• **DIRECTIONS FOR THIS TASK**
Transcribe the data that follows without changing a word, and omit the pictures.

• **INPUT MATERIAL**
________

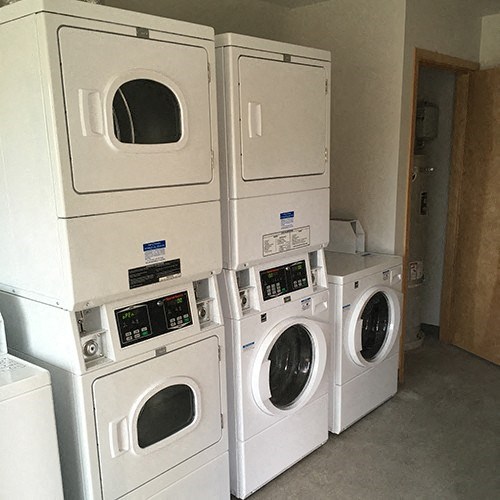 a bunch of washers and dryers in a laundry room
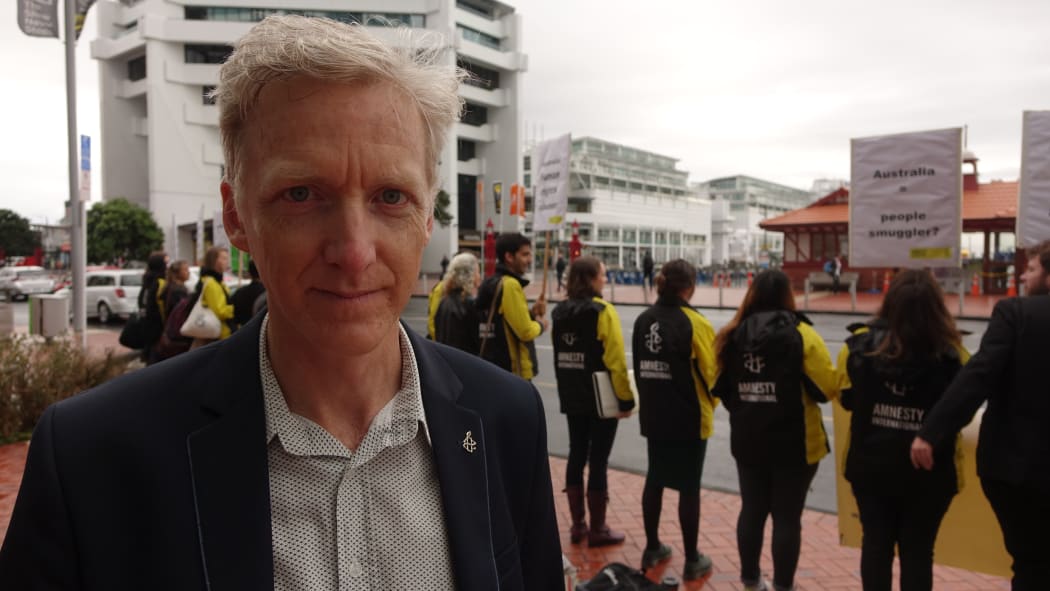 Grant Baildon stands in front of Amnesty International protesters in Auckland.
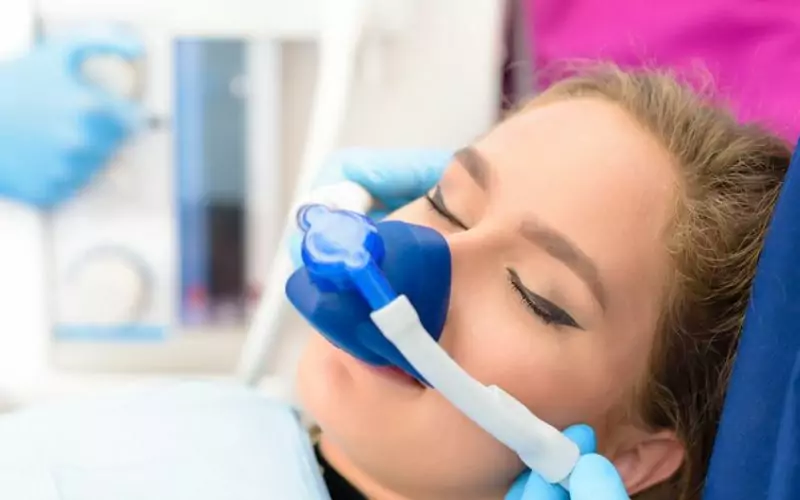 Calm patient wearing sedation mask at dental office at sedation dentistry in hamilton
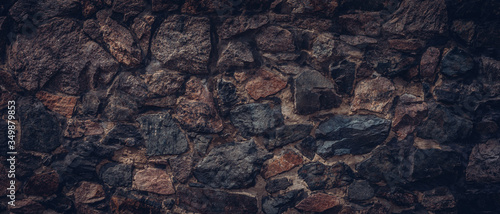 Fotografi Dark brown stone wall texture background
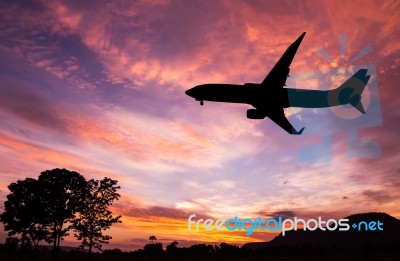 Silhouetted Commercial Airplane Flying At Sunset Stock Photo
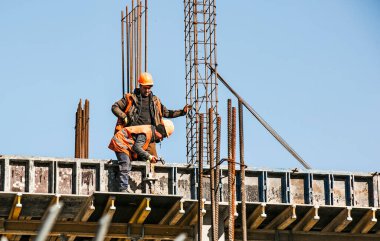 Dnepropetrovsk, Ukrayna - 10.20.2021: İnşaatçı beton bölümler için form ve demir takviyesi veya takviye çubuğu kuruyor. Büyük bir konut inşaatı.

________

• **ANSWER TO THIS EXERCISE**
 a bunch of washers and dryers in a laundry room
 Grant Baildon stands in front of Amnesty International protesters in Auckland.
 Calm patient wearing sedation mask at dental office at sedation dentistry in hamilton
 Fotografi Dark brown stone wall texture background
 Silhouetted Commercial Airplane Flying At Sunset Stock Photo
 Dnepropetrovsk, Ukrayna - 10.20.2021: İnşaatçı beton bölümler için form ve demir takviyesi veya takviye çubuğu kuruyor. Büyük bir konut inşaatı.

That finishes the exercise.